* **Work instruction**
Pictures excluded, please transcribe exactly the lines from the one with "Migranti: si incaglia" through the end of the records below, and nothing more.

Stored entries:
BEGIN

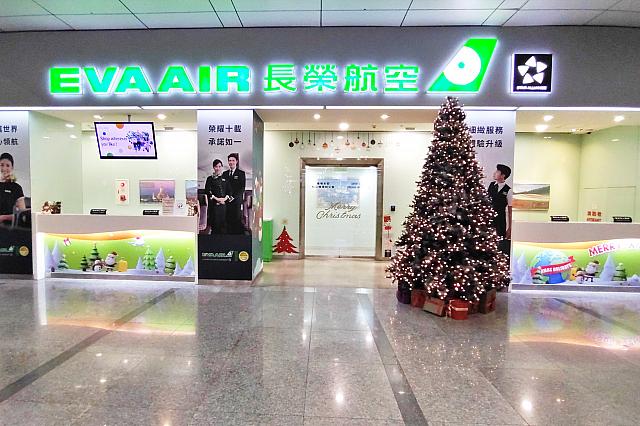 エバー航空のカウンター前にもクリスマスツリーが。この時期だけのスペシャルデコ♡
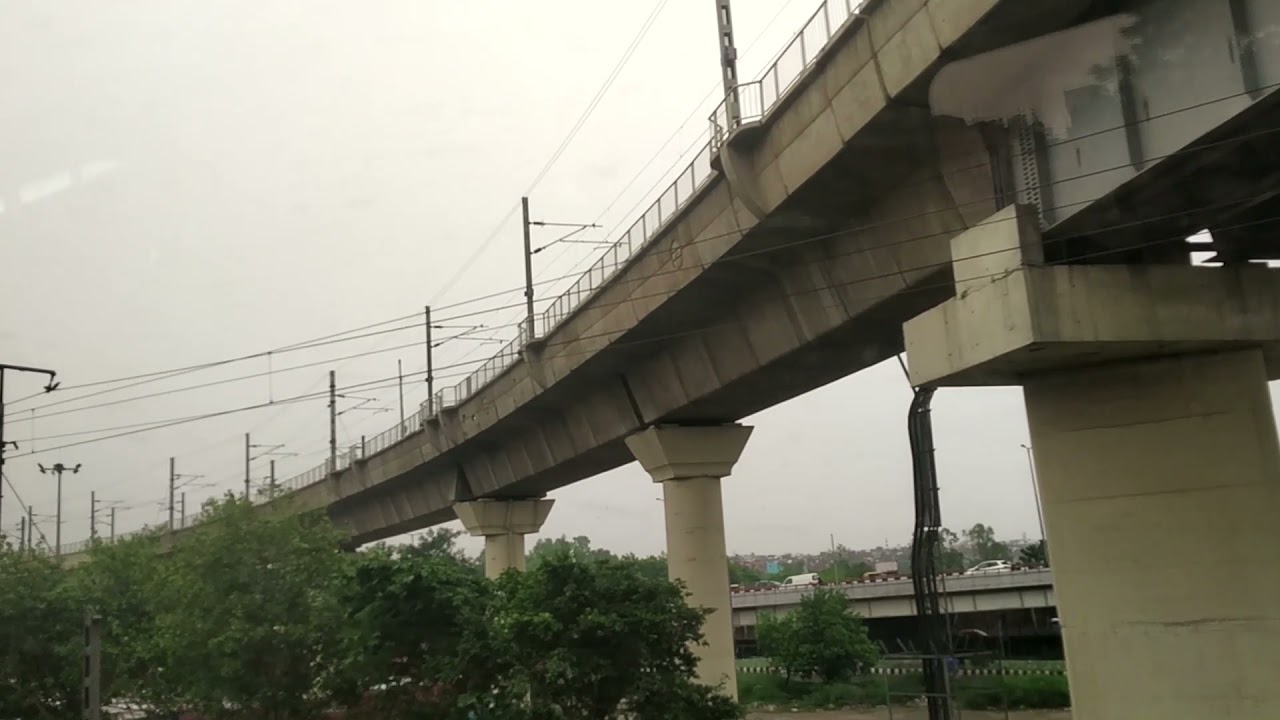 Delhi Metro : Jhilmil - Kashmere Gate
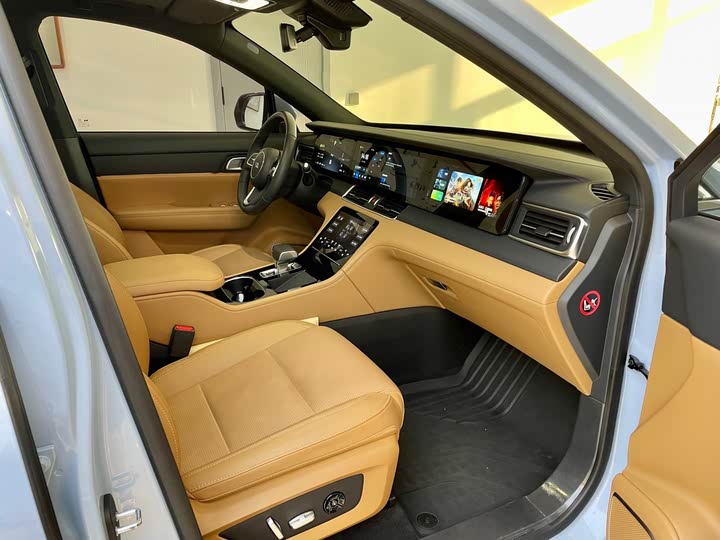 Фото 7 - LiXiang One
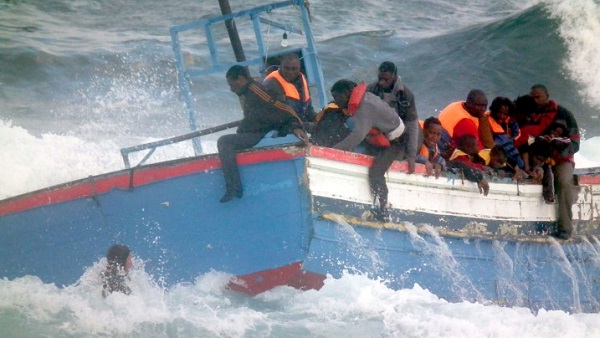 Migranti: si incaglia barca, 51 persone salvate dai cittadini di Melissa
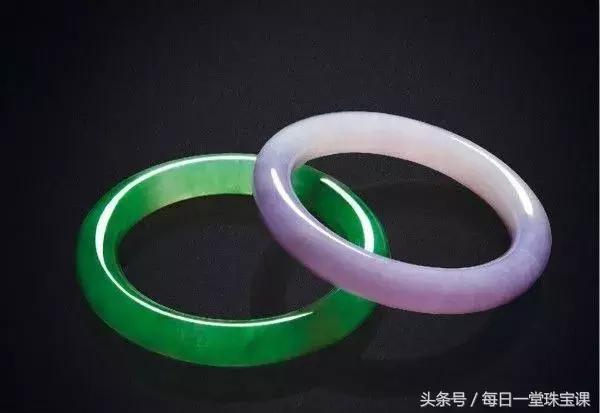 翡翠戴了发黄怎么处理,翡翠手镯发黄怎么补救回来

END

* **Response below**
 Migranti: si incaglia barca, 51 persone salvate dai cittadini di Melissa
 翡翠戴了发黄怎么处理,翡翠手镯发黄怎么补救回来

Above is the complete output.